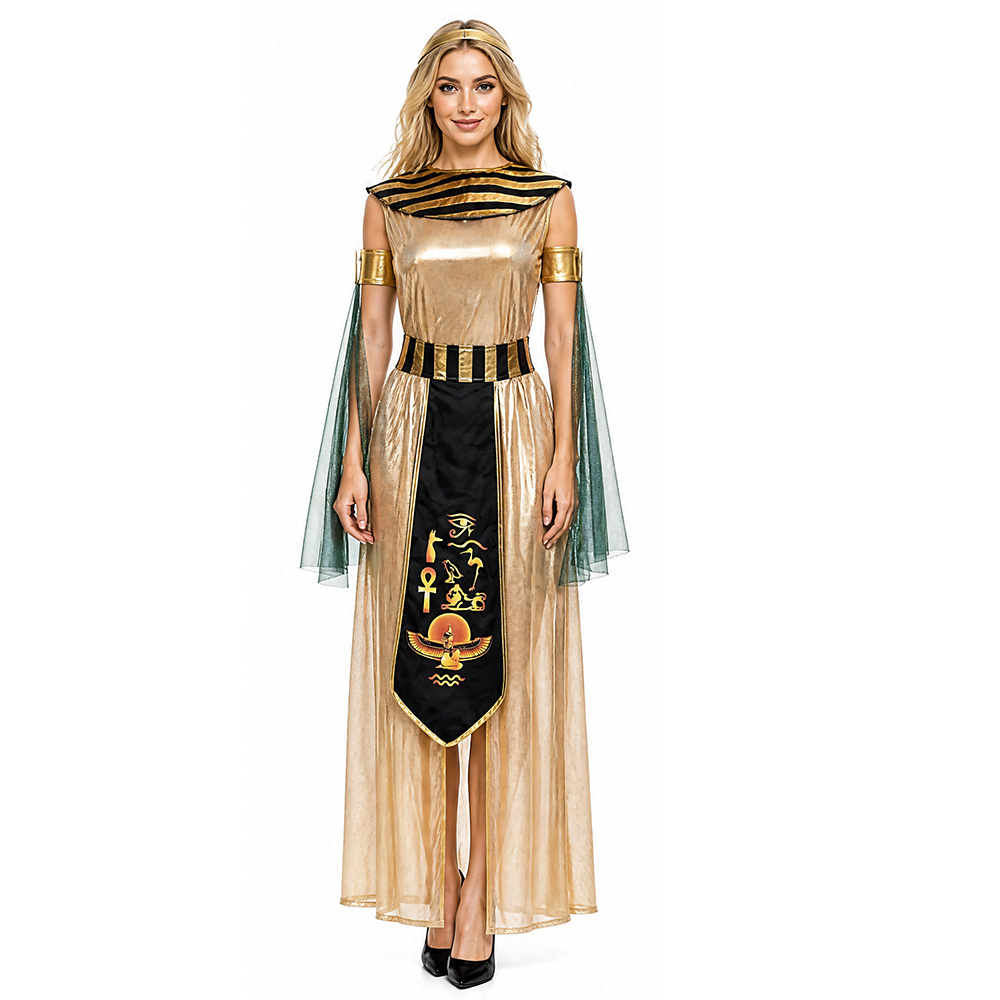 Egypt Cosplay Anime - Disfraz de Faraón Egipcio del Antiguo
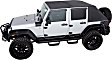 139935 TrailView Series Soft Top - Frameless Design Black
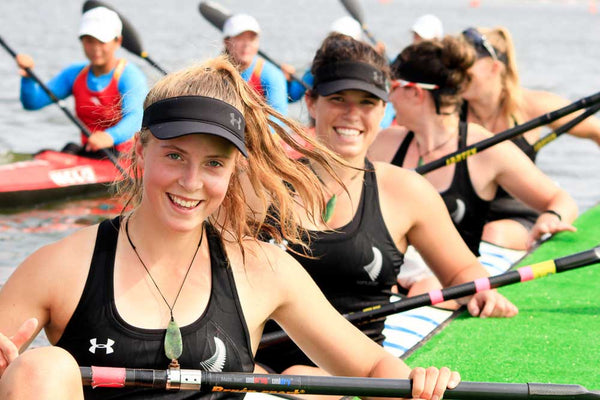 The NZ U18 WK4 500m Team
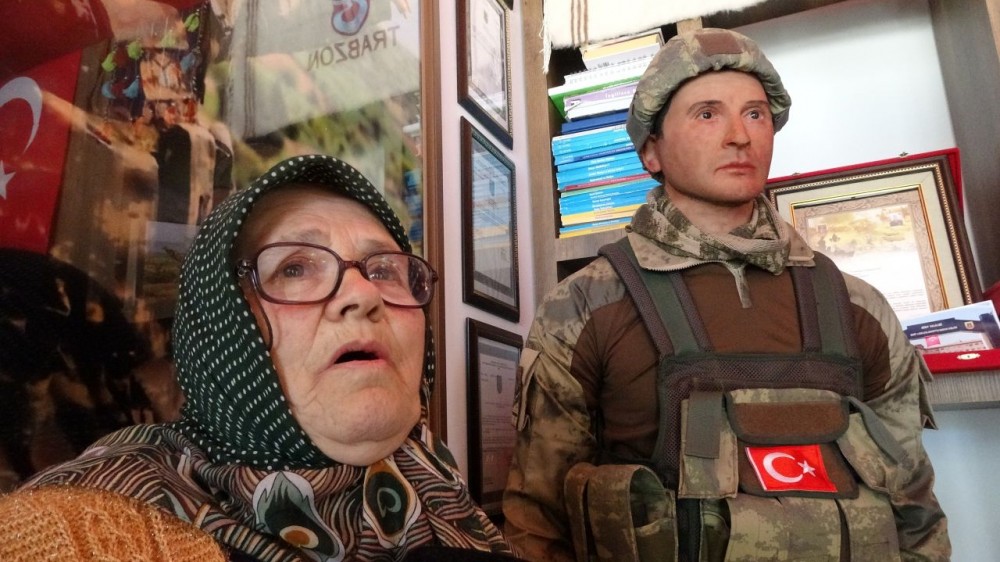 Şəhid ailəsinə bunu hədiyyə etdilər - FOTO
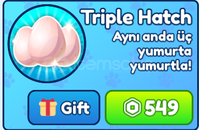 ⭐Triple Hatch | Bubble Gum Simulator INFINITY⭐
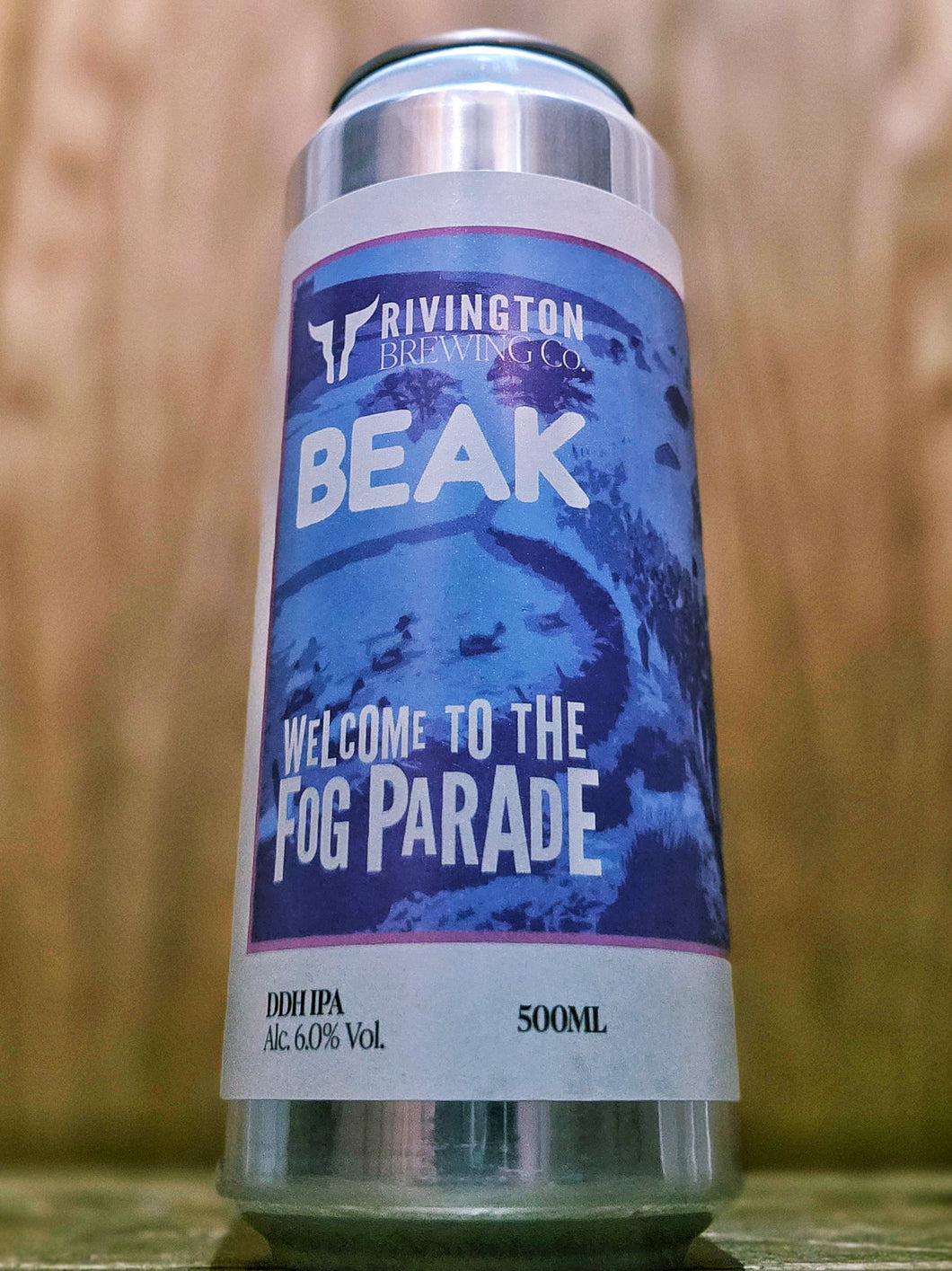 Rivington Brewing Co v Beak - Welcome To The  Fog Parade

◆ ◆ ◆ ◆ ◆

__Exercise aim__. Take the lines from the one holding "Şəhid ailəsinə bunu hədiyyə etdilər - FOTO" through the final line of the listing above and copy them exactly, both ends included, with no pictures.

__Output for this exercise__.
 Şəhid ailəsinə bunu hədiyyə etdilər - FOTO
 ⭐Triple Hatch | Bubble Gum Simulator INFINITY⭐
 Rivington Brewing Co v Beak - Welcome To The  Fog Parade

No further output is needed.